YOUR TASK:
Render every line of the data exactly as written, and leave out the pictures.

INPUT DATA:
++++++++++++++++++++

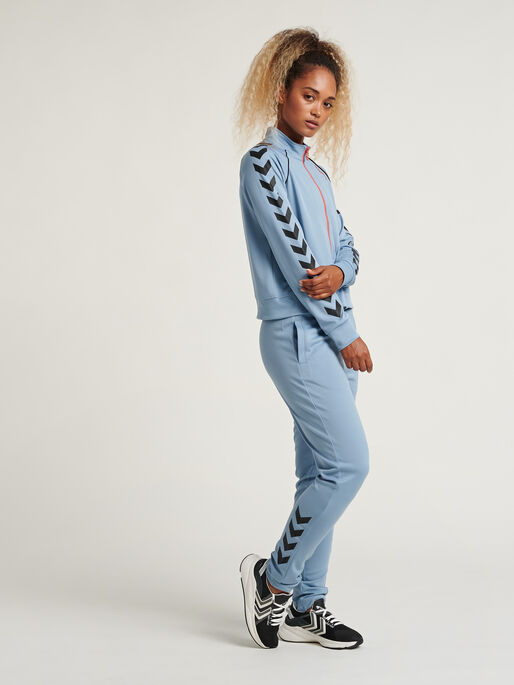 hmlZIBA TAPERED PANTS, FADED DENIM, model
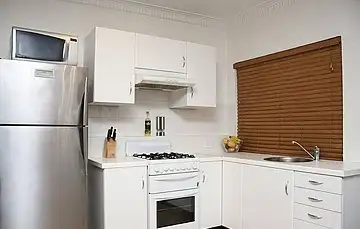 Main view of Homely unit listing, 2/3 Grattan St, Woolloongabba QLD 4102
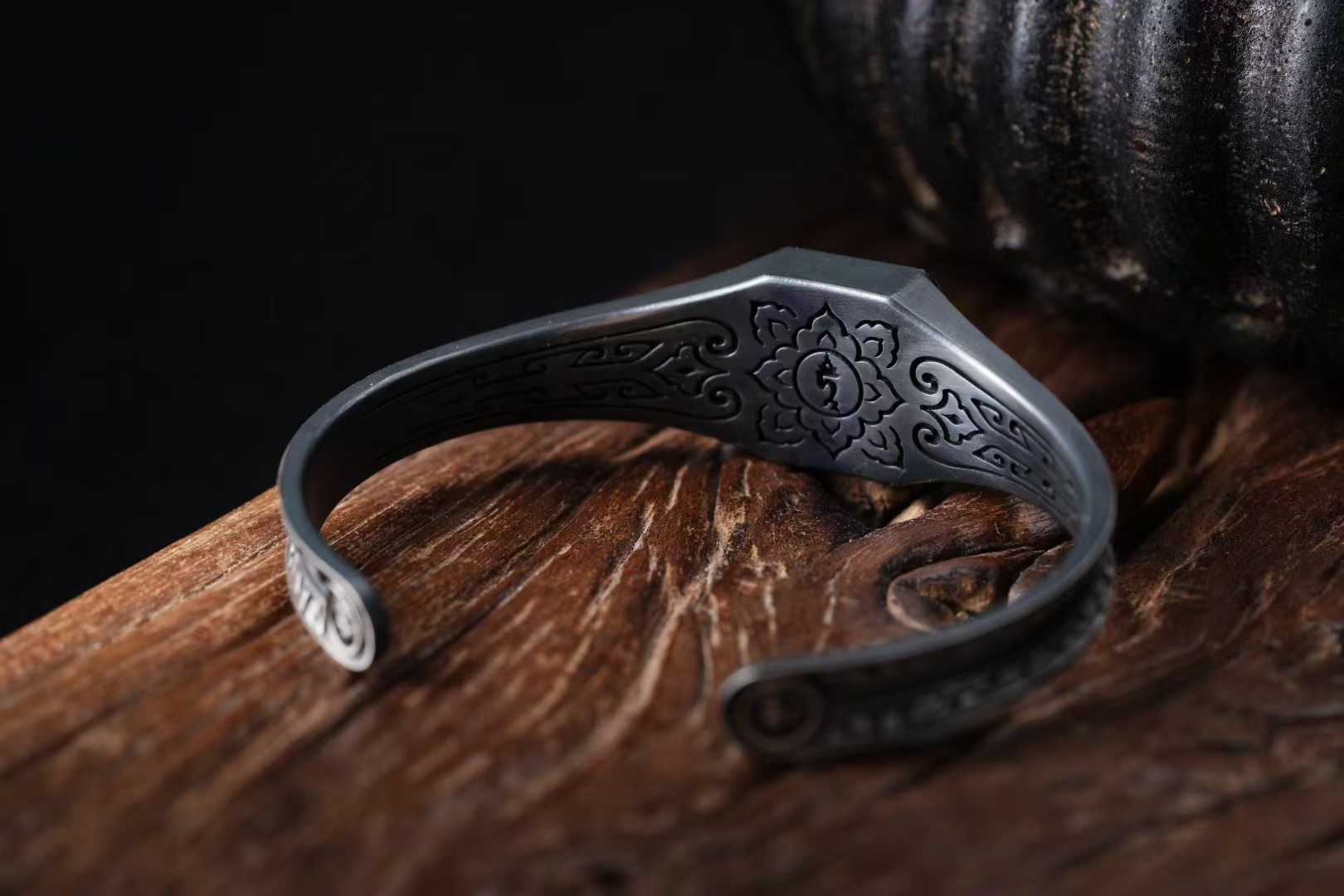 Sacred Tibetan Green Tara bracelet, crafted from 925 silver with fine inlay design.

++++++++++++++++++++

RESPONSE TO THE TASK:
 hmlZIBA TAPERED PANTS, FADED DENIM, model
 Main view of Homely unit listing, 2/3 Grattan St, Woolloongabba QLD 4102
 Sacred Tibetan Green Tara bracelet, crafted from 925 silver with fine inlay design.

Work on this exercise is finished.